El partido popular atrajo a muchas personas que, por una u otra razón, querían socavar la sociedad romana y poner en marcha algún género de revolución. No siempre era por idealismo o por simpatías hacia los pobres y oprimidos. A veces, quienes deseaban un cambio sólo lo deseaban para obtener poder, riqueza o venganza.

Uno de esos revolucionarios egoístas era un noble cargado de deudas, Lucio Sergio Catilina. Como César, pertenecía a una familia aristocrática, y, como César, se había arruinado por extravagancia. Pero, a diferencia de César, carecía de atractivo y del don del éxito.

Las únicas descripciones que tenemos de Catilina son las de sus enemigos e indudablemente son muy exageradas. Pero, aunque sólo una parte de lo que se dice de él fuese verdad, de ello se desprende que era una persona horrible, cruel, viciosa y hasta un asesino. Había sido partidario de Sila y miembro del partido conservador. Pero cuando su situación financiera tocó fondo no vaciló en volverse violentamente contra los conservadores para salir del paso.

Pensó que el único modo en que podría liberarse de sus deudas era hacerse elegir cónsul. Para lograrlo cortejó al partido popular, favoreciendo su programa de división de la tierra entre los que carecían de ella y de saquear las provincias en beneficio de Roma.

Craso lo apoyó, como apoyó a César, pero Catilina no logró el consulado. Empezó a planear la realización de un plan mucho más desesperado: la de asesinar a los cónsules y saquear a la ciudad misma. (Al menos esto era lo que decían sus enemigos.) Es dudoso que Craso y César siguieran apoyando a Catilina en este siniestro plan. Parece improbable que Craso quisiese ver a Roma trastornada y saqueada, cuando él mismo era el más rico cebo posible para el saqueo. Quizá no conocía los planes más extremos de Catilina; o quizá los planes de Catilina no fuesen tan radicales como decían sus enemigos.

Sea como fuere, los conservadores luego afirmaron que Craso y César estaban totalmente comprometidos en la conspiración; y la mayoría de los historiadores parecen creer que así fue.

Contra Catilina se alzó resueltamente el líder de los conservadores del Senado, Marco Porcio Catón, bisnieto y tocayo del viejo Catón el Censor. (Este nuevo Catón es llamado a veces «Catón el Joven» y a veces «Catón de Utica», por el lugar en que murió.)

Catón el Joven era un modelo de rígida virtud. Había prestado servicios en Asia bajo el mando de Lúculo, cuya severa disciplina admiraba mucho. Catón condujo deliberadamente su vida según los principios implícitos en las historias que se contaban sobre los antiguos romanos.
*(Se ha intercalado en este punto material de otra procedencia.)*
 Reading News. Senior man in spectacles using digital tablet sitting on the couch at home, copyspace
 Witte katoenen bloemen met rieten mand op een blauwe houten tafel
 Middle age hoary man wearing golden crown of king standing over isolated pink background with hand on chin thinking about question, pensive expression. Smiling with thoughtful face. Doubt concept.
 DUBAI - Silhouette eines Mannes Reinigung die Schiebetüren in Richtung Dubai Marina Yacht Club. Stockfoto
Como siempre hacía ostentación de su virtud, fastidiaba a otras personas; como jamás toleraba las debilidades humanas de los demás, los encolerizaba; y como nunca aceptaba compromisos, finalmente era derrotado. (Las generaciones posteriores, que no tuvieron que tratar con él, admiraron mucho su rígida honestidad y su inflexible devoción a sus principios.)
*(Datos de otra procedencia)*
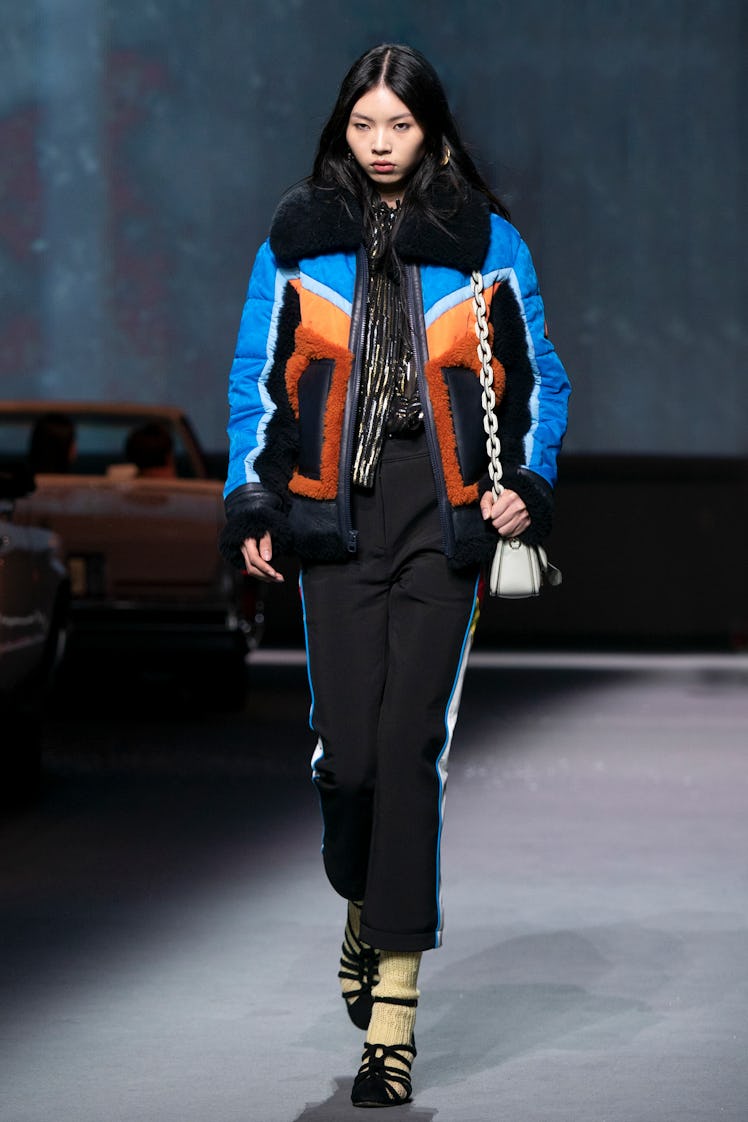 A female model walking the Coach Runway while wearing a blue, orange, and black jacket paired with b...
Contra Catilina también estaba Cicerón, que no pertenecía al partido senatorial ni al popular. En general, Cicerón fue un hombre amable, noble y honesto, con elevados principios. Cicerón tenía la honestidad de Catón sin su presunción. Pero no era un hombre fuerte. A menudo permanecía indeciso con respecto al curso de acción que debía seguir en casos particulares, y esta indecisión le hacía parecer a veces un cobarde.

Pero en esta ocasión Cicerón actuó con la mayor decisión de su vida. Se presentó como candidato al consulado para el 63 a. C. contra Catilina, y fue elegido. Como cónsul, Cicerón emprendió rápidamente la acción. Por indiscreción de uno de los conspiradores, Cicerón obtuvo un conocimiento específico de algunos de los planes de la conspiración, que incluían el intento de asesinar al mismo Cicerón. Reunió diligentemente nuevas pruebas. Además, se previno contra una posible insurrección militar. Hizo guarnecer de hombres las murallas de Roma, armó a los ciudadanos y luego convocó a una reunión del Senado.

Catilina tuvo el descaro de aparecer en la reunión, pues a fin de cuentas era senador. Cicerón se levantó y pronunció el discurso más elocuente y eficaz de su vida, exponiendo frente a Catilina todos los planes, las acciones y las intenciones de éste. A medida que hablaba, los senadores que estaban sentados cerca de Catilina se alejaron de él, dejando al conspirador solo y rodeado de asientos vacíos.